Le dernier texte de cette brève anthologie s’intitule « Judas-Ahasvérus ». L’auteur y décrit un vieux rituel médiéval fort suivi au Brésil dans la tradition populaire : on façonne un épouvantail à l’image de Judas qu’on dresse sur la place du village pour l’accabler de toutes sortes de violences verbales et physiques. Sur les rives de l’Alto Purus, cette tradition prend un caractère particulier. Le jour de Pâques, après avoir copieusement insulté le Judas de paille et criblé son corps de balles, on le fixe sur un radeau improvisé et on le dépose dans le courant qui va l’emporter à son gré vers d’autres lieux. Malmené par les caprices du fleuve, il sera à nouveau soumis à la violence des hommes qu’il rencontrera au fil de son errance.
En recourant au mythe du juif errant Ahasvérus pour expliciter cette pratique ancestrale, Euclides da Cunha commente pour son lecteur l’impuissance des temps, et donc de la modernité dans laquelle il voudrait avoir confiance, à l’instar de tous les militaires positivistes brésiliens de l’époque.
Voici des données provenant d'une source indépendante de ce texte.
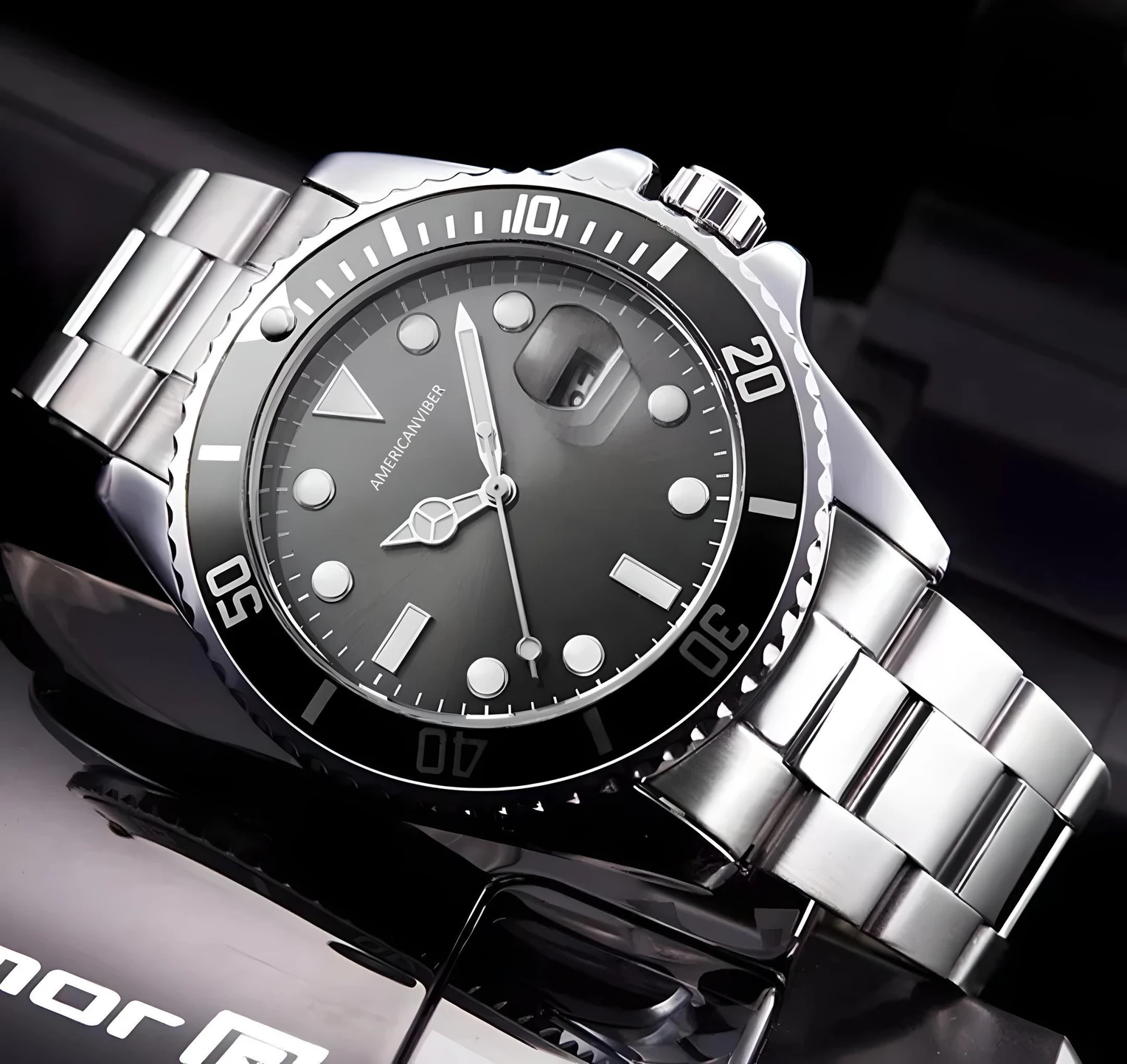 Americanviber Adjustable Free Size Lock Date Function watch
Incapables de conduire le cours de leur existence, les humains se vengent de leur faiblesse sur la figure de Judas. En articulant ce constat amer au mythe d’Ahasvérus – sans doute emprunté au livre éponyme d’Edgar Quinet –, Euclides da Cunha exprime une vision désespérante, sinon désespérée, de l’histoire, qui tangue entre l’éternel retour des malheurs et des fêtes expiatoires et la linéarité des progrès de la civilisation où transparaîtrait l’espoir d’une amélioration. Ces magnifiques petits textes sont riches d’une émotion puissante et sans illusion.